Problem details: In the entries below, begin at the line with "color by hundreds" and stop after the line with "[NISHIORI] 浴衣 セット"; output those lines exactly and omit the pictures.

Records supplied:
==================================================
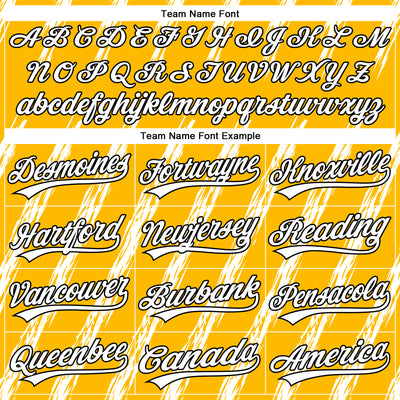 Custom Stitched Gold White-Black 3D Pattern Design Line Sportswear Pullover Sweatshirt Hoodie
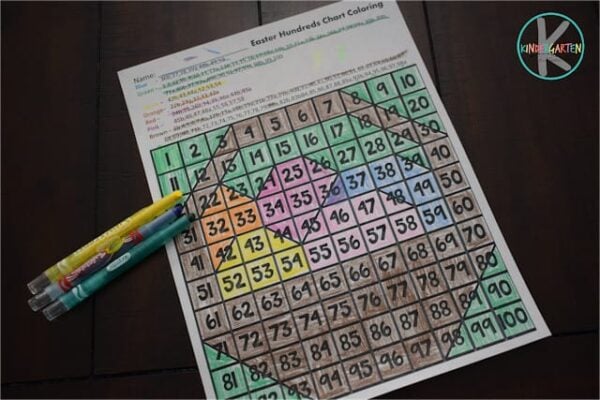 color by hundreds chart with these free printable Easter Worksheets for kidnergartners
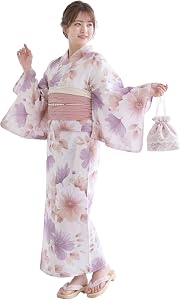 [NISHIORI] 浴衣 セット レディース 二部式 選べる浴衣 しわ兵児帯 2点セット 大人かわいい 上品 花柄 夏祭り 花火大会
==================================================
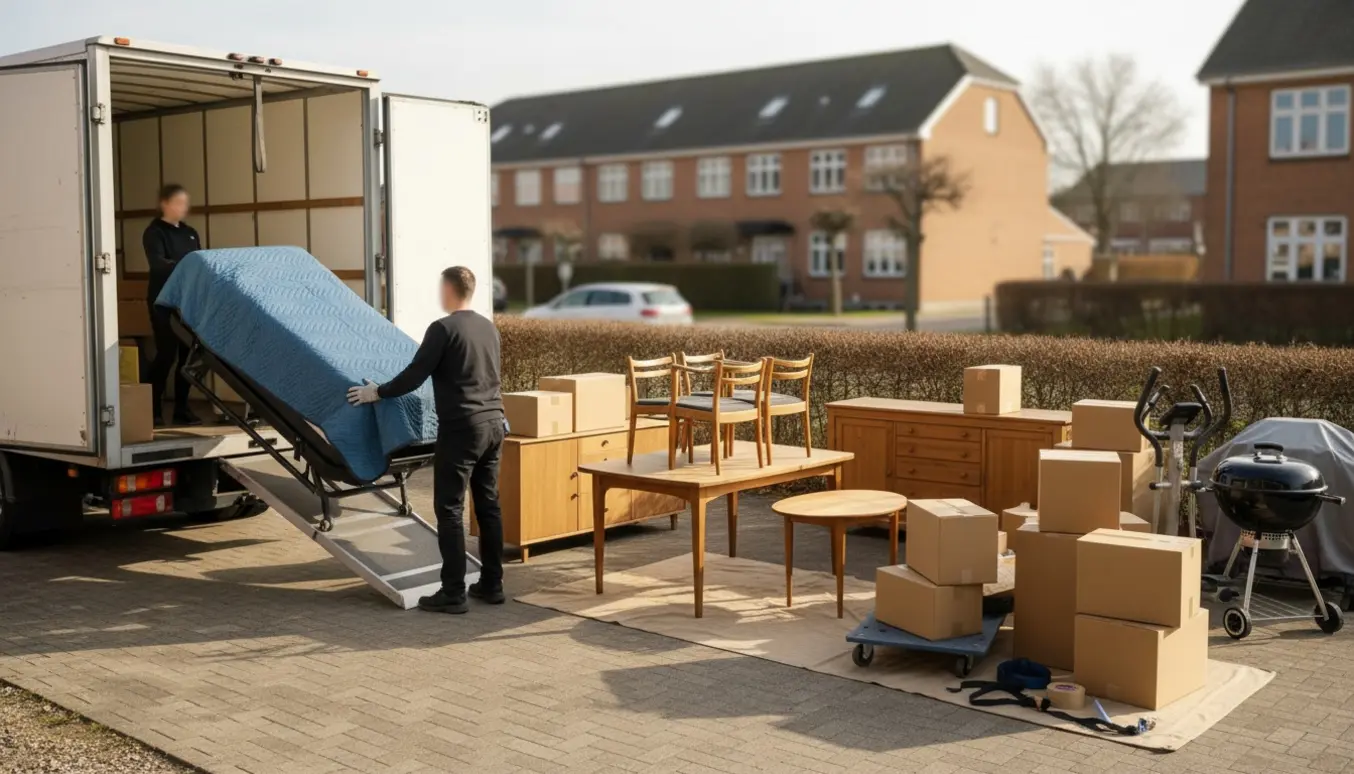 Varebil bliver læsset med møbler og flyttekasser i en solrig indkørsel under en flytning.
==================================================
Response for this exercise:
 color by hundreds chart with these free printable Easter Worksheets for kidnergartners
 [NISHIORI] 浴衣 セット レディース 二部式 選べる浴衣 しわ兵児帯 2点セット 大人かわいい 上品 花柄 夏祭り 花火大会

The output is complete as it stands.